Invited to cut the ribbon at the entrance to the museum were Yuri Kiperman, one of the pioneers of the Jewish renaissance in Dnepropetrovsk, Beth Moskowitz, leader of the delegation from our sister Jewish Community of Greater Boston (USA) and the chair of their Committee for Post-Soviet Jewry, and Leon Sherman, a philanthropist who has donated a unique collection of artifacts to the museum (http://djc.com.ua/news/view/new/?id=8101).


Much of our visit was devoted to developing our medical partnerships with old and new partners.  The Corky Ribakoff Women’s Clinic will soon celebrate its fifteenth anniversary, and we hope to celebrate that milestone in the spring.  We were proud to learn that the training Dr. Valeria Sidelkovskaya received this past spring in Boston has paid off: her new skills with the Doppler feature of the Ultrasound Machine we donated in 2009 allowed her to make a life-saving diagnosis.  With our friend Yuri Bolbot, we made plans for a post-graduate course in pediatrics in the spring, including an effort, in cooperation with the Medical Academy and the Dnepropetrovsk Municipality, to spur a media campaign encouraging the immunization of infants and children.  Finally, one of our Boston doctors, a psychiatrist, lectured about postpartum depression at Hospital No. 3 to twenty doctors and nurses from throughout the city.

We also had meetings with several of our agency and Dnepropetrovsk partners, including one with Marsha Frankel of JF&CS, who works (among many other projects) with the Educational Resource Center for Special Needs, and Susan Wolf-Fordham, co-chair of the ERC Steering Committee, where we came together to sketch out a strategic direction as Beit Chana Teaching College (the host of the ERC) begins plans to move downtown next to the Menorah Center.  Our collective vision is to make the ERC a lab school for a new Department of Special Needs Education at Beit Chana.  Both Beit Chana and the community at large are committed to the inclusion of children with special needs throughout the community.  For instance, our Jewish Big Brother and Big Sister program for the first time includes “littles” with Downs Syndrome who have been welcomed with open arms by the other children.

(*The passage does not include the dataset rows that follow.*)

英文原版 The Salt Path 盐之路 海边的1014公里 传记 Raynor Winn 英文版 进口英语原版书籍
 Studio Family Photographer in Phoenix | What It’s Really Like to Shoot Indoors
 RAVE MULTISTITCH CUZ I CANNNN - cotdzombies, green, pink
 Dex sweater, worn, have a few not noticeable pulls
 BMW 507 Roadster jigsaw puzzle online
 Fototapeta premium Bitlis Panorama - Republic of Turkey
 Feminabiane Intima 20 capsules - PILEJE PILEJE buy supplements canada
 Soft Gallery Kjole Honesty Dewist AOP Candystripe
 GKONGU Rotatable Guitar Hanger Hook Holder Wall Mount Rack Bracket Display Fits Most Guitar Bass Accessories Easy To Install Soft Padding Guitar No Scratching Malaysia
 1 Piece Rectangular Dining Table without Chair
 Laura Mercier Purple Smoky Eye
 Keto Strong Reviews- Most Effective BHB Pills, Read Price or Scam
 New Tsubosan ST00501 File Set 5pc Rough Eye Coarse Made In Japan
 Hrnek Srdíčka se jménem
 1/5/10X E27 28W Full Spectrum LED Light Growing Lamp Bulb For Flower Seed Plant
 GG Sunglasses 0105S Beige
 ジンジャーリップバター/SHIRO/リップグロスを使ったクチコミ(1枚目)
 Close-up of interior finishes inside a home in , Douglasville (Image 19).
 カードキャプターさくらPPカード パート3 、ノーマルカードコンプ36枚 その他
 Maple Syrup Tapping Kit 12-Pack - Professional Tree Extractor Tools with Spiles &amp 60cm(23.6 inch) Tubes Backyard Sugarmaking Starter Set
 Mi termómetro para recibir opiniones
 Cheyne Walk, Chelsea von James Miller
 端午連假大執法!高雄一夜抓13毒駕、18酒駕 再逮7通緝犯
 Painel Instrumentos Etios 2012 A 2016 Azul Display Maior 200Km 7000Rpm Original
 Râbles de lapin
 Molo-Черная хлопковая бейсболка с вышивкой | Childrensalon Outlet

Thanks to the generosity of an individual donor, the ERC has been able to add an accessibility ramp to the new van they received from Women’s Philanthropy during the Community Mission last May.

 Beth Moskowitz watches as Tamara Olschanitskaya and Svetlana Efimova ride the new accessibility ramp. 

   Larissa, Sonia, and Sonia, littles from Jewish Big Brother Big Sister of Dnepropetrovsk at the Day School.

Finally, Beth and Noga Nevel had a productive conversation with the leaders of Dnepropetrovsk’s Next Generation Movement, making plans for a trip to Boston in the spring of 2013 and ongoing social media communication.

The trip culminated in a beautiful Shabbat, with dinner at Rabbi Kaminezki’s and lunch with Zelig Brez and his family.  As usual, we came away with an infusion of yiddishe ruach in our souls and a sense of the blessings of this remarkable partnership.